Ultimately I would like to reduce runtime.

data {
int<lower=0> N_uncensored;                                      // number of uncensored data points
int<lower=0> N_censored;                                        // number of censored data points
int<lower=1> m;                                                 // number of basis splines
int<lower=1> NC;                                                // number of covariates
matrix[N_censored,NC] Q_censored;                               // Q-transf. of design matrix (censored)
matrix[N_uncensored,NC] Q_uncensored;                           // Q-transf. of design matrix (uncensored)
matrix[NC, NC] R;
vector[N_censored] log_times_censored;                          // x=log(t) in the paper (censored)
vector[N_uncensored] log_times_uncensored;                      // x=log(t) in the paper (uncensored)
matrix[m,N_censored] basis_evals_censored;                      // ispline basis matrix (censored)
matrix[m,N_uncensored] basis_evals_uncensored;                  // ispline basis matrix (uncensored)
matrix[m,N_uncensored] deriv_basis_evals_uncensored;            // derivatives of isplines matrix (uncensored)
}
transformed data {
matrix[NC,NC] R_inv = inverse(R);
}
parameters {
row_vector<lower=0>[m] gammas;                                  // regression coefficients for splines
vector[NC] betas_tr;                                               // regression coefficients for covariates
real gamma_intercept;                                           // \gamma_0 in the paper
}
transformed parameters {
vector[NC] betas = R_inv * betas_tr;
}
model {
vector[N_censored] etas_censored;
vector[N_uncensored] etas_uncensored;
gammas ~ normal(0, 1);
betas ~ normal(0,1);
gamma_intercept   ~ normal(0,1);

etas_censored = Q_censored*betas_tr + (gammas*basis_evals_censored)' + gamma_intercept;
etas_uncensored = Q_uncensored*betas_tr + (gammas*basis_evals_uncensored)' + gamma_intercept;
target += -exp(etas_censored);
target += etas_uncensored - exp(etas_uncensored) - log_times_uncensored + log(gammas*deriv_basis_evals_uncensored)';
}


QR decomposition with non-negativity constraint
#2

I removed a couple of transpose operations, which where dispensable, see https://github.com/ermeel86/paramaetricsurvivalmodelsinstan/commit/ce95e88f5aa5657d490f82311e46cd0762062090.

Any optimisation beyond that?

#3

Make sure the columns of X are centered before you do the QR decomposition.

#4

Thanks!
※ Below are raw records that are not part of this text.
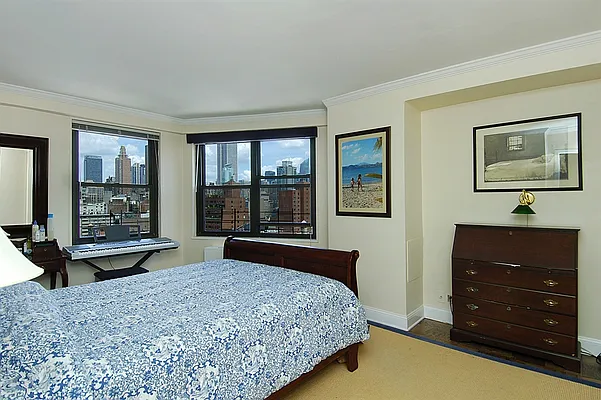 Sold by Corcoran | media 24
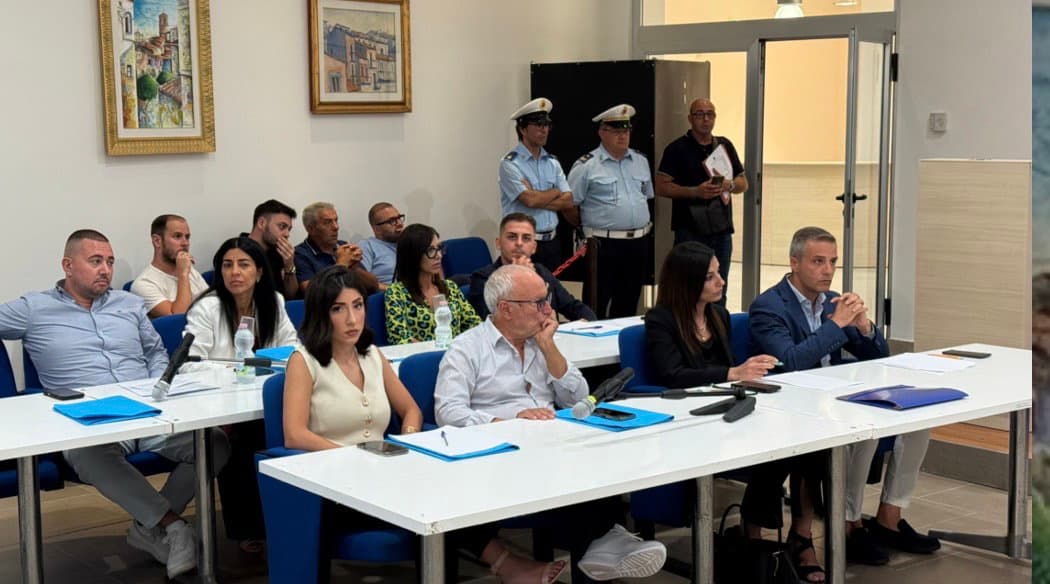 Dissesto idrogeologico, la Maggioranza replica: «Cassano ammessa ai fondi, penalizzata dai criteri nazionali»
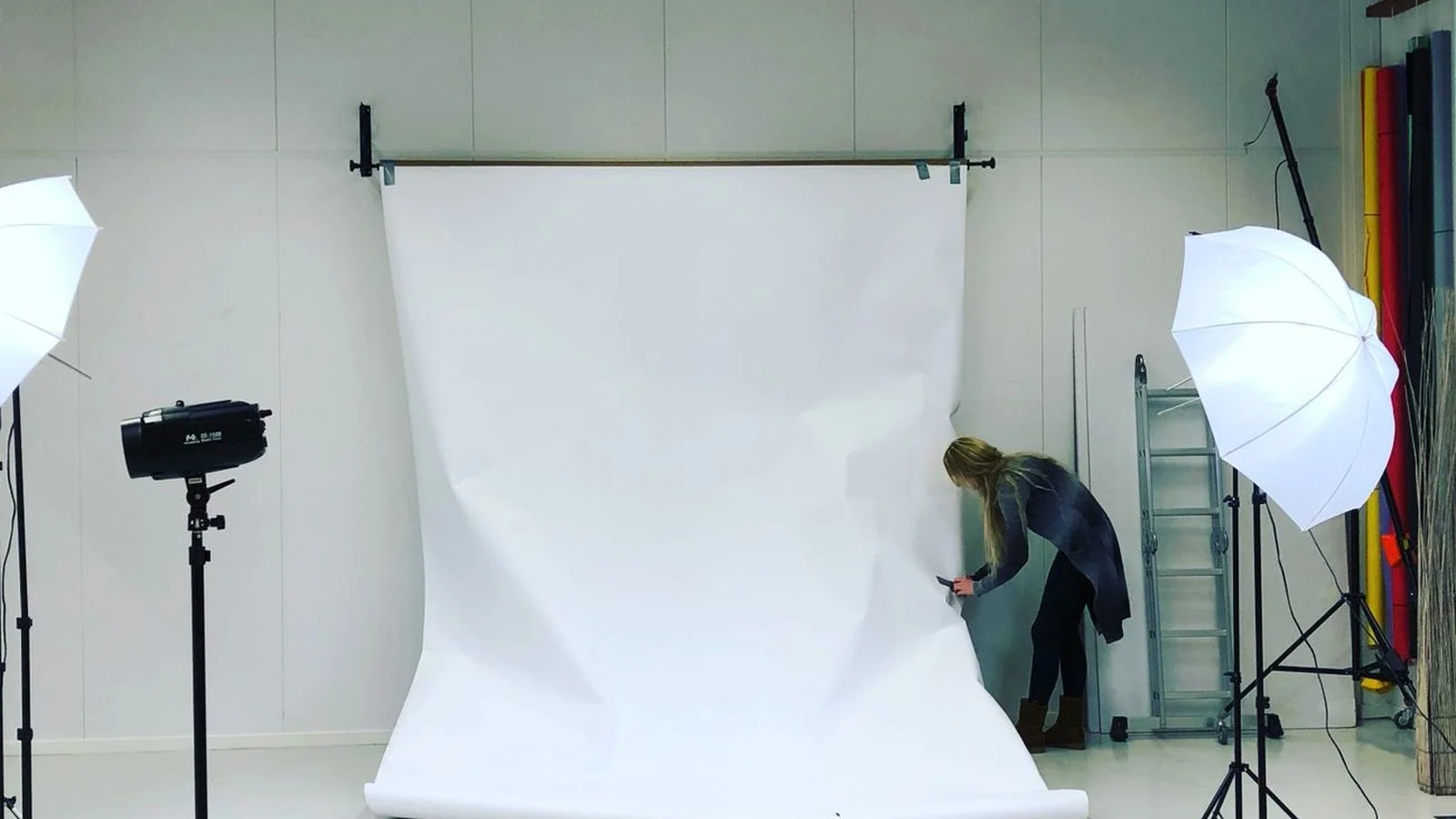 Tło fotograficzne (rodzaje, ceny, jak wybrać: papier, vinyl, canvas)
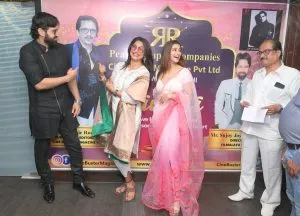 28 Sujoy Mukherjee, Aartii Naagpal, Nyra Bannerjee and Ramakant Munde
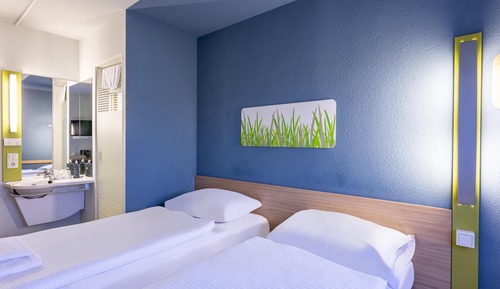 Habitación con 2 camas individuales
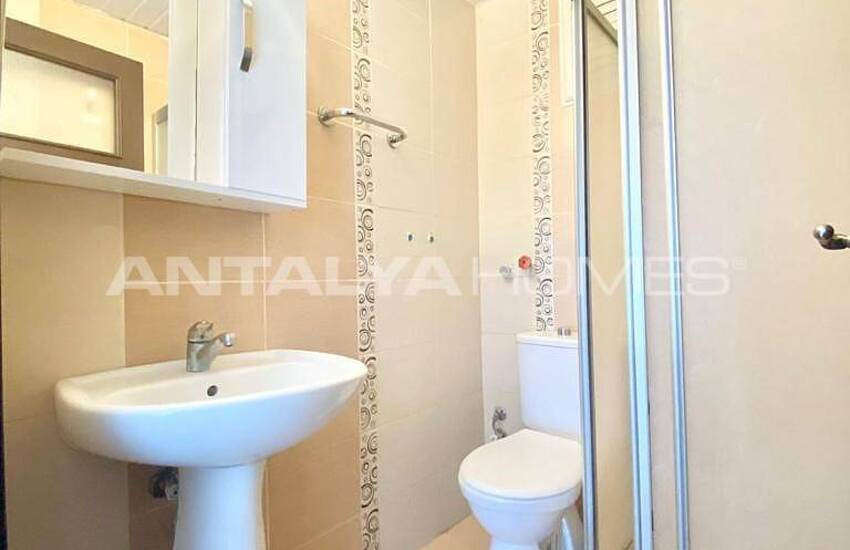 Ready-to-move Spacious Flat in a Building Antalya Kizilarik 23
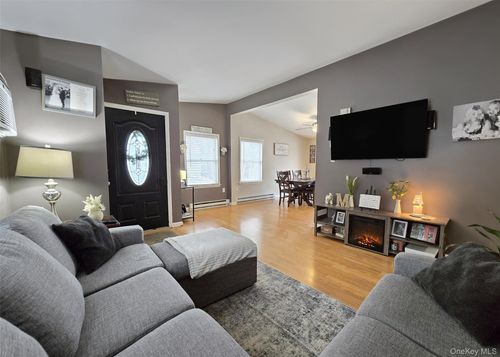 1462 Claas Ave, Holbrook, NY, 11741-5720 | Card Image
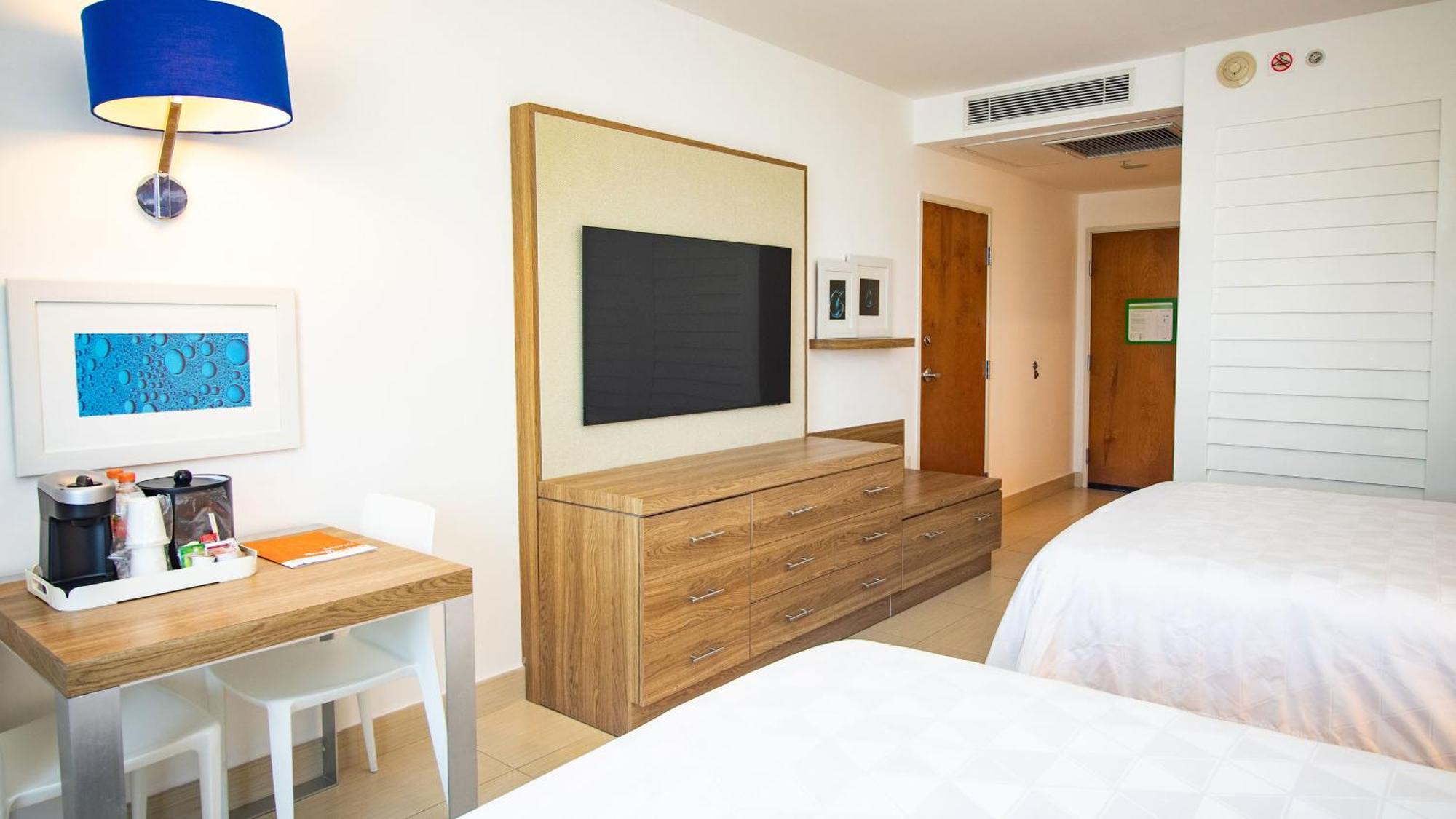 Hotel Holiday La Isla By Ihg
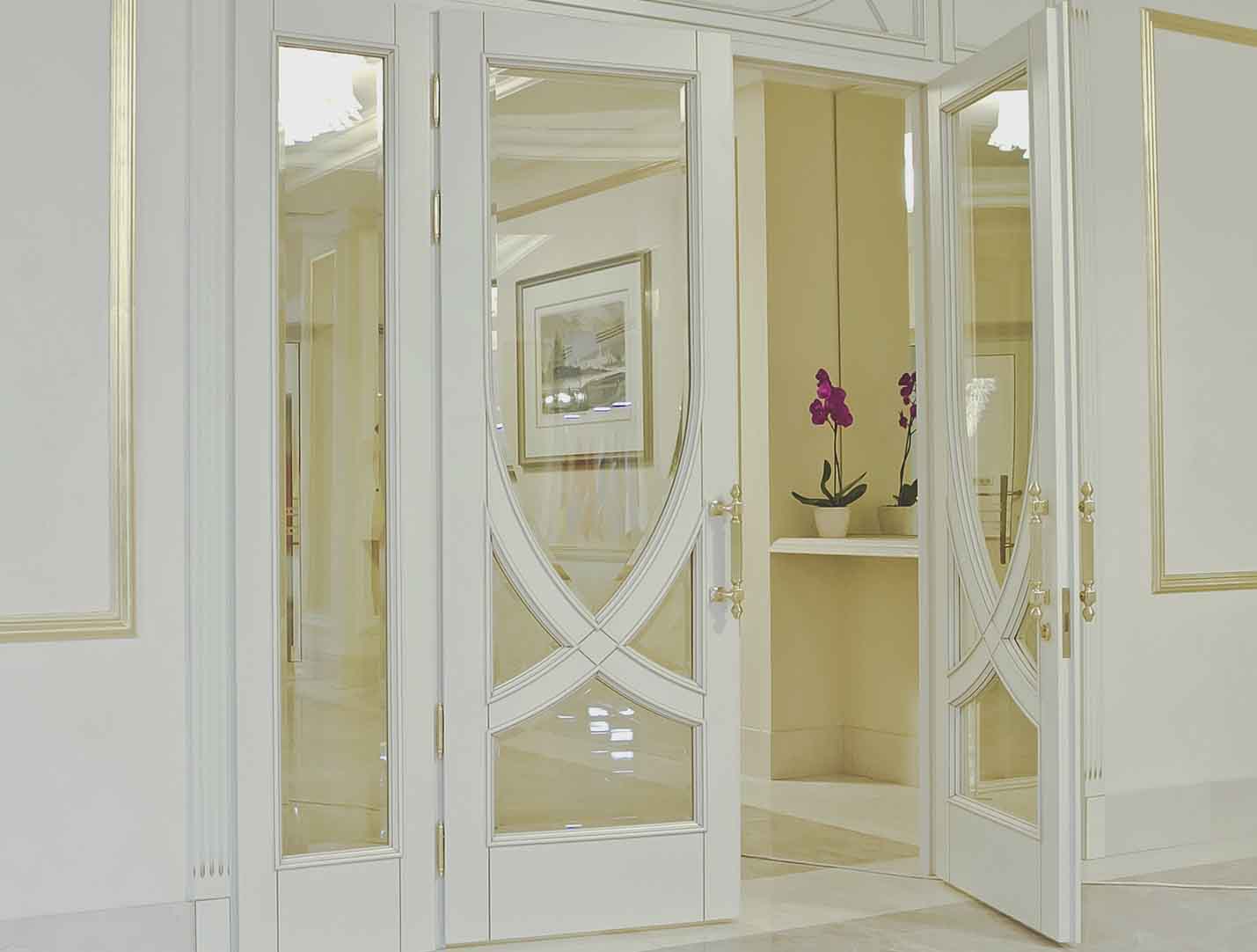 Дверь с тонированным стеклом и фацетом, массив клен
What about scaling the columns of X? Not so important as centering?

#5

The scaling of the columns of X is not relevant because the columns of Q are scaled so that each has a sum of squares of 1. That is actually not ideal because betas_tr can get too far from zero. Better to multiply Q by some constant and divide R by that same constant, where the constant could be 1.0 / N or 1 / sqrt(N - 1.0).

#6

Currently I multiply Q by sqrt(N-1) and divide R by sqrt(N-1). I wonder how in this case beta_tr can become too large? Q*beta_tr should be on the scale of the dependent variable, right? Now by multiplying Q with sqrt(N-1), doesn’t this imply that beta_tr could actually become very close to zero rather than large? I would expect the risk of beta_tr to become too large rather be alllicaple in the scenario where you multiply Q by 1/sqrt(N-1) or alike…

Am I missing something?

#7

If you are already scaling Q and applying the reverse scaling to R, then you should be fine. Since originally, Q\prime Q = I, if you construct Q^\ast = Q\sqrt{N - 1}, then the covariance of Q^\ast is the identity matrix. So that is like putting each column of Q^\ast in the units of its standard deviation.

#8

Not an efficiency comment, but a stability one. Remove the inverse from transformed data and replace transformed parameters line with:

vector[NC] betas = R \ betas_tr;


Efficiency wise, it replaces a quadratic operation (matrix-vector multiply) with a cubic one (matrix solving with built-in multiply), but it should be more stable.
If you’re not having arithmtic issues then the way you’re doing it should be fine.